Gay Sestina

What happened is what happens to any upper-middle class transexual—
the sky’s abortifacient blue a retrospect on false wombs and useless hope,
leaning on the grimy rudimentary skater-boy feeding tokens to a Simpsons pinball game.
The wind possessed the chalky metallic sweetness of a nearly unaffordable medication.
It was the summer the gays were gay and the lesbians were unbelievable,
bickering in baroque promenades about the androlinguistics of saying you’re “in love.”

And of course, according to our dogs and parents, we did actually seem to be in love,
the byzantine choreography of wiping dried lube from the femur of a 
transexual,
the rainbow sky acid-raining on the FurCon-goers mingling in the unbelievable
open-air limerence—baffling to the pansexuals who had thrived somehow without hope.
A dungeon master ducks into the tea garden to swallow dice like medication.
A girl survives her apocalypse evening, invoking the ludic refuge of a party game,

scars striated like axles on an abacus for which counting is the lone, insipid game.
After interior decades, one forgets the gossipy panacea of you-and-me love;
a girl becomes a girl on ocean air, spare keys lodged in boxwood leaves, blue medication.
She wonders if—and if so, for what pleasure or purpose—God knows she’s a transexual.
Rooms of deferred lovebirds drink Aperol rosewaters to postpone talks of hope,
a man in love with a thing hisses under his breath, “fucking unbelievable.”

It’s been years since anything on Earth was truly unbelievable.
You and I, soft asymptotic queers, clasp hands like in a polygonal video game,
pixels clipping in some prismatic simile for real-life, coalescent hope.
In each life, there’s the first instance one concedes to insane and insufficient love,
particle becoming wave—except for the hurtling, ever-particularized transexual.
The doctor, a handsome married father, inquires into the efficacy of your medication.

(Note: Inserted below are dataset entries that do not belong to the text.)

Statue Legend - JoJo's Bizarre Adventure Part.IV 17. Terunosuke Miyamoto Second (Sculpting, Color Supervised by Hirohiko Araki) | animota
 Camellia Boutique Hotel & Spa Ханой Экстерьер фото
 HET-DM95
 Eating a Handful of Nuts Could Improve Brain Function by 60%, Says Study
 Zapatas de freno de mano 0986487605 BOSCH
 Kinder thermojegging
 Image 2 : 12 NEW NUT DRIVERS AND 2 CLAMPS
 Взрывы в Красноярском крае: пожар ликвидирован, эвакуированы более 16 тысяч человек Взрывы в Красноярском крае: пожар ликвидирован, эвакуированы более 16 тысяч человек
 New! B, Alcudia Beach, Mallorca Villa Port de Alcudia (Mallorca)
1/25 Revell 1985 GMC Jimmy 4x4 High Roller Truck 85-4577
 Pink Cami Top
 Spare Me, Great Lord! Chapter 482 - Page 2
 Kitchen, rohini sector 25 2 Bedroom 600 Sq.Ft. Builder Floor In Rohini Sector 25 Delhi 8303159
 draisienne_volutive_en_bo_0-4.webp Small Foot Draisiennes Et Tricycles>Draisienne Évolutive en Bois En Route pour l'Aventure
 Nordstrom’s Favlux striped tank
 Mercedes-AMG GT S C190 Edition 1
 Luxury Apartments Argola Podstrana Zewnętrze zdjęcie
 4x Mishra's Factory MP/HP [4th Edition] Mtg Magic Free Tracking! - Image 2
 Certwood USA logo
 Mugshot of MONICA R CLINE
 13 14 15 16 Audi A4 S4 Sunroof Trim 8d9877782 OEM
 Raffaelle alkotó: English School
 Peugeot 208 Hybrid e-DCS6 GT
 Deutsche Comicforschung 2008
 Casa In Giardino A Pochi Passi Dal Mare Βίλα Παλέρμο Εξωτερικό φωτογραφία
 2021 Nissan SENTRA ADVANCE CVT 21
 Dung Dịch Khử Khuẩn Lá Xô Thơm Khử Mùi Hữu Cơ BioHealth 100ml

Well, I’m deadly tired, too tired to be reconfigured in new museums by a medication.
I shall detransition into a shadow, those dim pellucid mimics of the 
unbelievable.
What did I gain—sans herpes and beatific lucidity—from being a transexual?
The pamphleted rules to some dusty, cupboard-shut, eternal board game
about how to become euphoric without an iota of that fragile folklore, love.
Five years later you recall, as through a shattered water-logged 
kaleidoscope, hope—

motility in the city, girls on iridescent concrete, mirrors fractaling open into hope.
You’re not above survival thanks to some controlled, non-addictive medication.
Atriums of gays, dyke bars, strip mall boulangeries, the frugal muted weathers of love.
That any of us are living—or even dead—is still somewhat unbelievable,
gnawing on each other’s ruddy nubs like some jerky, winter-cured game.
I would give up everything to be a melancholy, radiant transexual.

On crisis days, I hope for the quick celestial arrival of the unbelievable.
In scented rooms, I count my medication like a life-affirming, estrogenic game.
All of us are in flaming, flagrant love with a kneeling, on-fire transexual.